Why should a fisherman listen to a carpenter's son? Simon made his living on this lake. Why should he listen to Jesus? Because there is something about this man that draws you in, drives you to considering new ideas and causes you to reach for the vision he proclaims.

Jesus said and did the most amazing things. Simon had seen it in his own household. Simon's mother-in-law was burning with fever one moment and well the next. We don't know how many other townspeople in Capernaum were healed by this carpenter's son, but they were still pressing in when Jesus passed out of town. Jesus chased out demons and spoke the word of God with authority. Simon had seen it with his own eyes, heard it with his own ears. If spirits listened to Jesus maybe fish would too, maybe even fishermen.

So they pushed out of the shallows where you can reach the bottom with your feet. They rowed out where the bottom disappears and anything can happen, and they threw the empty nets into the water. Wasn't this the same water. Weren't these the same fishermen?
Wasn't this the same net that hadn't caught anything all last night?

The difference was the word that sent them.
The difference was the living word that went with them.
In those depths anything can happen; even so much fish that it will tear your nets and fill all your boats to the gunwales.

Such abundance in a place that had been empty is overwhelming. Simon knew he was in the presence of something deeper than the water around them. Simon may have been worried about drowning as his boat took on water but he was more overwhelmed by his growing sense of who was in his boat. This was not just a carpenter's son, or some wandering healer. Who was this man?

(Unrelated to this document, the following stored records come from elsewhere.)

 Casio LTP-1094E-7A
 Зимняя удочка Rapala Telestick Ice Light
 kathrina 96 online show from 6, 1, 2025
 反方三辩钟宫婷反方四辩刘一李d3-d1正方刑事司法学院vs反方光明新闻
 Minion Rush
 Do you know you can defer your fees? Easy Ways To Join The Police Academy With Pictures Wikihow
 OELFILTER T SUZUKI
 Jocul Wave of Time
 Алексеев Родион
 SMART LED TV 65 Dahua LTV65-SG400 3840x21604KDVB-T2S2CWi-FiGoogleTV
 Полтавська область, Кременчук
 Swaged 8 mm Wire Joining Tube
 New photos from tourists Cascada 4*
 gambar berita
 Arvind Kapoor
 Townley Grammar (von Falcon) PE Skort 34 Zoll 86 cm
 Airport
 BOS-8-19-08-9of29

Paul tells us. "Now I would remind you, brothers and sisters, of the good news that I proclaimed to you, which you in turn received, in which you also stand, through which also you are being saved." This carpenter's son knows a lot more than where to find fish. He knows how to gather people. He loves us so much that he was willing to die on a cross that we might not drown in sin or death. Christ's resurrection is our safe passage. That boat will carry us well, even in the deepest places; the places of storms and death, of emptiness and abundance; the places of mystery, loss of control and sudden, utter grace.

Yet we wade in the shallows, only up to our knees in faith.
Or stand on the shore not willing to risk getting wet.
It may be safe in the shallows but there are not enough fish there to sustain us.
And looking at fish from the land is not the same as eating them.

We know how to do what we have always done.
We know how to be who we have always been.
It is safe in the shallows where no waves break with enough strength to move us.
But we shall always be in the same place if we do not move deeper.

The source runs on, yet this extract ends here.